ISLAMABAD Pakistan will allow India to inspect the Kotri barrage in the lower Indus, while New Delhi has agreed to Islamabad’s request for a special inspection of the hydroelectric projects in the Jhelum river basin, including the Kishanganga scheme, a Pakistani media report said Tuesday.
The decision was taken during last week’s meeting of the Permanent Indus Commission held in Lahore, the first official engagement between India and Pakistan since Imran Khan became Prime Minister on August 18.
“During the meeting both the sides agreed to conduct the general tours of inspection which could not be conducted since 2014,” the Dawn newspaper reported.
“The Pakistani Commissioner for Indus Waters (PCIW) will visit the Chenab basin in the last week of September 2018, followed by a tour of Indian Commissioner for Indus Water (ICIW) to the Kotri barrage in the lower Indus,” the report said quoting the minutes of the Permanent Indus Commission meeting held on August 29 and 30.
Kotri Barrage is a barrage on the Indus River between Jamshoro and Hyderabad in Pakistan’s Sindh province. It was completed in 1955, and used to control water flow in the Indus river for irrigation and flood control purposes.
“Pakistan also urged India to arrange for the special tour of inspection of the projects in the Jhelum basin, including the Kishanganga hydroelectric project (HEP) which is pending since 2014, on which the ICIW gave his assurance to arrange the same promptly,” the report claimed.

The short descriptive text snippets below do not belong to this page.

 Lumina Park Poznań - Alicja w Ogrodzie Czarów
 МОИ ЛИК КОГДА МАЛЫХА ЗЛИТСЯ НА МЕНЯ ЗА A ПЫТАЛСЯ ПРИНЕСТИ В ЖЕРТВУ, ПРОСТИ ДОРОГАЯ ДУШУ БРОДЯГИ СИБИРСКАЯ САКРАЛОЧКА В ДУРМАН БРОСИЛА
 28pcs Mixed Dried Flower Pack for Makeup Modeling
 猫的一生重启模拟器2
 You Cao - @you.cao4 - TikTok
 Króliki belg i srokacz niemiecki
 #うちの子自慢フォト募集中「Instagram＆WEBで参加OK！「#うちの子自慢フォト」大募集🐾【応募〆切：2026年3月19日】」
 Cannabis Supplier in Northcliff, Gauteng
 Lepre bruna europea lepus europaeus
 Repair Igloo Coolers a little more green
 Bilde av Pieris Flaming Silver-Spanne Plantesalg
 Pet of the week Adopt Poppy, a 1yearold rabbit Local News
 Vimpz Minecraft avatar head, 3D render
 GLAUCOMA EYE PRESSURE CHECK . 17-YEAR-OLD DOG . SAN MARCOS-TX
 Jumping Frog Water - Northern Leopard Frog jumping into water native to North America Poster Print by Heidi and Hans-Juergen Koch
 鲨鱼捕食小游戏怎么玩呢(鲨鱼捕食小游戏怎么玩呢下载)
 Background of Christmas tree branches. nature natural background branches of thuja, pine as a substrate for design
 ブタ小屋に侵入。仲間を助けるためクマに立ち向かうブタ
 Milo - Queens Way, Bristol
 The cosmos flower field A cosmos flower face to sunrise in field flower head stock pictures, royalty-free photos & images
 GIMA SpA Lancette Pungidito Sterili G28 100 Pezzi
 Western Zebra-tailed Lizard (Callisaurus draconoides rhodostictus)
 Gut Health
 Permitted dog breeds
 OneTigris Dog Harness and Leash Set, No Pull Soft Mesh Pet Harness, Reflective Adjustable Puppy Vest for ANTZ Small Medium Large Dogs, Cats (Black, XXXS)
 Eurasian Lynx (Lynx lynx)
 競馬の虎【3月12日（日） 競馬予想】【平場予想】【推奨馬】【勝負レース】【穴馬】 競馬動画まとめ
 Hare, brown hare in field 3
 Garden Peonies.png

According to a senior Pakistani official, the inspection by a Pakistani team is likely to be held on the eve of the next meeting of the Commission.
“Since the talks between the two countries have been restored, Pakistani team may inspect the Kishanganga project on the eve of the next meeting of the permanent commission for the Indus waters in India or before this,” he was quoted as saying in the report.
Islamabad had been objecting to the proposed Rs 5,882-crore run-of-the-river hydroelectric dam project in Bandipore in Jammu and Kashmir, claiming it would affect the flow of the Kishanganga River (called the Neelum River in Pakistan).
Pakistan had also raised concerns over the inauguration of the 330-MW Kishanganga hydropower plant by India during talks with the World Bank in Washington in June.
The two sides also agreed to undertake tours by their Commissioners in the Indus basin on both sides to resolve issues on the various hydroelectric projects (HEPs), including the Pakal Dul and Lower Kalnai in the state of Jammu and Kashmir.
“Their (Indian experts’) visit to Pakistan will be after our experts end the inspection of the Lower Kalnai and Pakal Dul projects, scheduled by the end of this month,” the official said.
India and Pakistan signed the Indus Water Treaty in 1960 after nine years of negotiations, with the World Bank being a signatory.
Under the provisions of the Treaty, waters of the eastern rivers – Sutlej, Beas and Ravi – had ben allocated to India and the western rivers – the Indus, Jhelum and Chenab – to Pakistan, except for certain non-consumptive uses for India.
The treaty sets out a mechanism for cooperation and information exchange between the two countries regarding their use of the rivers. However, there have been disagreements and differences between India and Pakistan over the treaty.